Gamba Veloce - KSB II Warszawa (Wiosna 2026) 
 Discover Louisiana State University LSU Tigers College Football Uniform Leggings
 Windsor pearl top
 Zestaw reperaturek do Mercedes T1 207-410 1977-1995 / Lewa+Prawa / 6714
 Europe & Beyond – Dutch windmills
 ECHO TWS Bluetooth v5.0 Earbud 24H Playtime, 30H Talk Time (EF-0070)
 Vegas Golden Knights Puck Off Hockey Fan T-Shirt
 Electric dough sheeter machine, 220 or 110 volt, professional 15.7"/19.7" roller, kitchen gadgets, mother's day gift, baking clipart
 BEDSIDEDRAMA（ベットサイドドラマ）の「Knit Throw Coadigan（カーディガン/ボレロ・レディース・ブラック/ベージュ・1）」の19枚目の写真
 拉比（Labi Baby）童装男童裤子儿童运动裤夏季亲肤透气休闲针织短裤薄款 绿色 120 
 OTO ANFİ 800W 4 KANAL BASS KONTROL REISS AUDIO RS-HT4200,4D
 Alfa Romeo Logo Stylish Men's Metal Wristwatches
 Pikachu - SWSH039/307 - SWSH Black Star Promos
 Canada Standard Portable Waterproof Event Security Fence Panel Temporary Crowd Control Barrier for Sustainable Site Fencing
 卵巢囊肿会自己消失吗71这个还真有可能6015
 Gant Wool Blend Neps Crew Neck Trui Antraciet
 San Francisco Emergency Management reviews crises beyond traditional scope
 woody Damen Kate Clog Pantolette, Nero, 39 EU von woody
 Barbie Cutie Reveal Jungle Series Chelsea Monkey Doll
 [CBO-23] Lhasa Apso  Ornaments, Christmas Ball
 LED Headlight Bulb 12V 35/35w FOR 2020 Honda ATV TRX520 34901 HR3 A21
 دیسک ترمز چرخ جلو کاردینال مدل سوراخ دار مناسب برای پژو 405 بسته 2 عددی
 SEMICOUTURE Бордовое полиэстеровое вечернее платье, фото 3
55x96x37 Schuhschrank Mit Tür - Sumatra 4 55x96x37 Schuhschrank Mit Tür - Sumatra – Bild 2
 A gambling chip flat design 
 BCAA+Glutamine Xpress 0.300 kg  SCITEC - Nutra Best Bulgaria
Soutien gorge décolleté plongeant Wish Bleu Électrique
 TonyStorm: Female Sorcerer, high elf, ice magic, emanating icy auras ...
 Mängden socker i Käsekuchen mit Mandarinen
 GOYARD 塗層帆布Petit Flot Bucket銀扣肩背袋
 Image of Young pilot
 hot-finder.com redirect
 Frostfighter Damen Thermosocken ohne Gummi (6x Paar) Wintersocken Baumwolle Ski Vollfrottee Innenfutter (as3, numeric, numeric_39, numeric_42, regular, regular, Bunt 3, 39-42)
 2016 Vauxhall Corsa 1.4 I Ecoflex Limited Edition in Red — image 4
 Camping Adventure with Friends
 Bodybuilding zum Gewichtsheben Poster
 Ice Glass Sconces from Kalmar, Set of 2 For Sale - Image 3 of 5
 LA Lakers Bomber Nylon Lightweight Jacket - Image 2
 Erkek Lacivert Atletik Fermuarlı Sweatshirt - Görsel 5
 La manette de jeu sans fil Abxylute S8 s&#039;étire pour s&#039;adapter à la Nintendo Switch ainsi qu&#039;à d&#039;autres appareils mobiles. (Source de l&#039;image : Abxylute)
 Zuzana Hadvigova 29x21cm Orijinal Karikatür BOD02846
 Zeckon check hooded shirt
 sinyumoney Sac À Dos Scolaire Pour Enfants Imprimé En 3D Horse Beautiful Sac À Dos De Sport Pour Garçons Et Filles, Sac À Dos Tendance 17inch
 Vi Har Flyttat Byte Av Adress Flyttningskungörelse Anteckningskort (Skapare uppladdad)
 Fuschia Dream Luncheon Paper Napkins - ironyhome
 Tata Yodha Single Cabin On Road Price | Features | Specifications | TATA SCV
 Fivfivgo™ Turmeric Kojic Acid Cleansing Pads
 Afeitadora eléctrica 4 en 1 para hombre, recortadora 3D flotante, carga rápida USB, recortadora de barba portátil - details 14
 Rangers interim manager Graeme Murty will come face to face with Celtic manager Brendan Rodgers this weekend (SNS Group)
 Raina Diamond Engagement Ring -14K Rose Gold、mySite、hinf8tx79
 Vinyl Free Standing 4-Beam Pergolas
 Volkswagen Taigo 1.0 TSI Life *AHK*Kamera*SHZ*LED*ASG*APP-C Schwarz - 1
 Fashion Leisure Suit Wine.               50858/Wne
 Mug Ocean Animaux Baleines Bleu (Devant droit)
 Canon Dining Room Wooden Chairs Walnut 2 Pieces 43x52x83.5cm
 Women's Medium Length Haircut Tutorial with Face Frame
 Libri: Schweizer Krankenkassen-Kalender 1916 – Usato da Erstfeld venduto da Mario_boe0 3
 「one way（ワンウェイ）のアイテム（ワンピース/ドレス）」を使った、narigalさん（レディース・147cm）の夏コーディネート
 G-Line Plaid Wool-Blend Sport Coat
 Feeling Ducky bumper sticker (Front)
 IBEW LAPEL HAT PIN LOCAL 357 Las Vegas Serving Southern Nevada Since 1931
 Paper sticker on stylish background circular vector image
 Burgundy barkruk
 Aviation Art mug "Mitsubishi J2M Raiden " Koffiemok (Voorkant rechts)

● ● ● ● ● ● ●

What is expected:
Check every line of the data above for the string "sticker", and copy those that have it.

Task solution:
 Feeling Ducky bumper sticker (Front)
 Paper sticker on stylish background circular vector image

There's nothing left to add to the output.